There are companies who will still withhold payment even after a court judgment. When they do, you need an attorney who knows how to collect on a judgment.

Four steps to collecting on a judgment

There are four major steps to collecting after a Massachusetts court judgment:

  1. Get a writ of execution.
  2. Locate the debtor’s assets.
  3. Direct a deputy sheriff to seize the debtor’s non-exempt assets.
  4. Have the sheriff sell off the debtor’s non-exempt assets to satisfy the debt.

The first step is to get a writ of execution. This is a document from the court that allows an attorney to engage in post-judgment collection tactics such as property seizures.

The next step is generally to find the debtor’s assets. In Massachusetts, courts allow creditors with judgments in hand to bring an inquiry into the debtor’s assets. A knowledgeable attorney for a creditor can use this to locate all of the debtor’s assets that are located in Massachusetts, and potentially beyond.

Once your attorney knows where the assets are located, he or she can tell the local deputy sheriff to seize some or all of the debtor’s non-exempt assets, up to the amount that would be necessary to pay the judgment.

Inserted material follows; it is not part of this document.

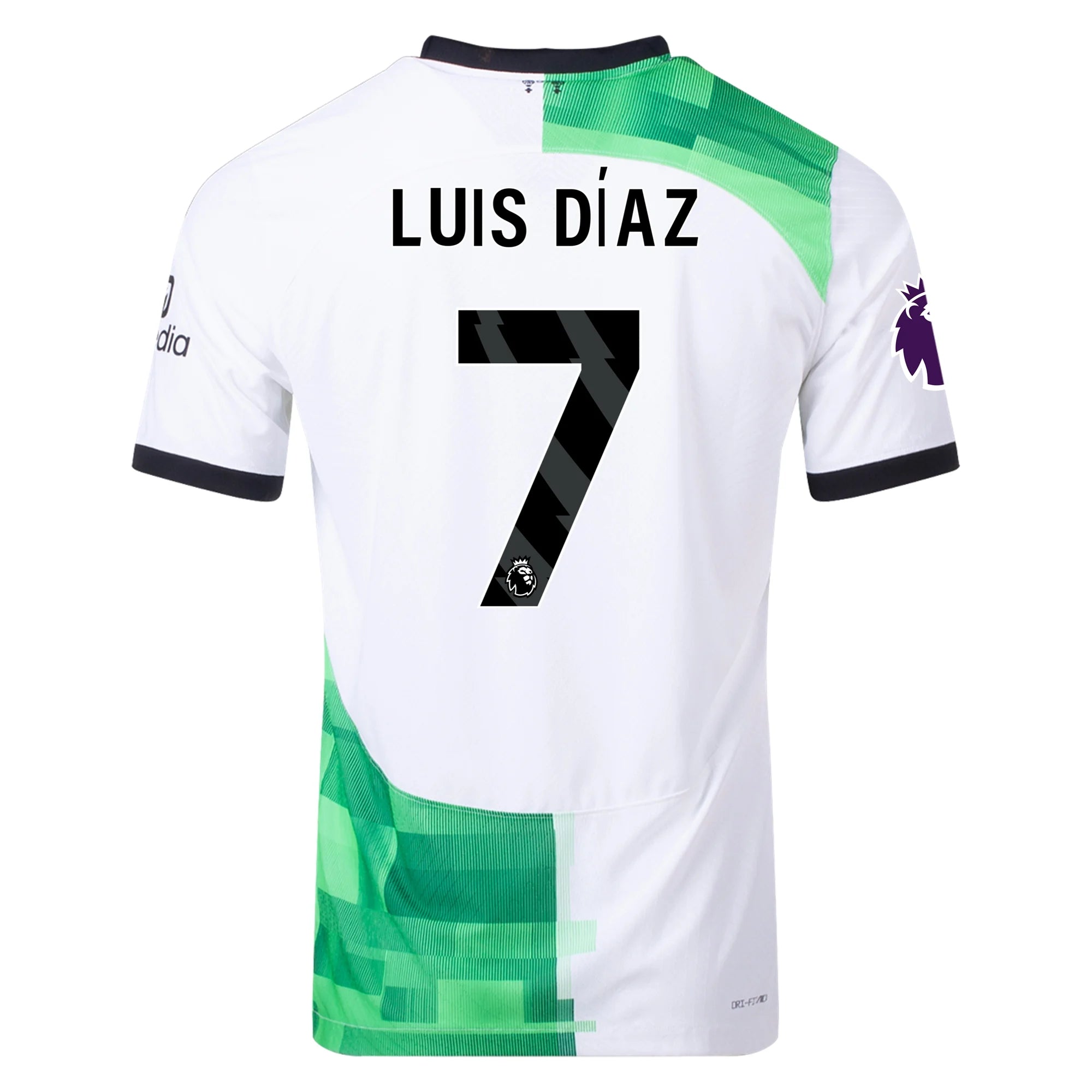 Men's Authentic Nike Luis Diaz Liverpool Away Jersey 23/24 DX2617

The final step is to have the county Sheriff sell the seized assets. Then, subject to certain statutory exemptions and the existence of any liens on the property, the money could be paid out to the creditor.

At the Law Offices of Alan M. Cohen & Associates LLC, we have more than 50 years of experience following this and other methods to collect business-to-business debt. We efficiently and effectively collect on debts throughout Massachusetts. Call 508-763-6604 or contact us by email to schedule an appointment.

Collecting on judgments from other states

When a debtor company has assets in more than one state, including Massachusetts, it is sometimes advantageous to collect against the Massachusetts assets. If you have a judgment from another state against a debtor who has assets in Massachusetts, it may be possible to “domesticate” that judgment.

Domestication of a judgment from another state allows that judgment to be enforced through the Massachusetts courts.

Domestication isn’t always the most efficient choice. Depending on the circumstances, it may be more favorable to file a new collection lawsuit in Massachusetts. This is because Massachusetts allows creditors to freeze the debtor’s non-exempt assets in advance, in some cases. This can prevent dissipation of the assets.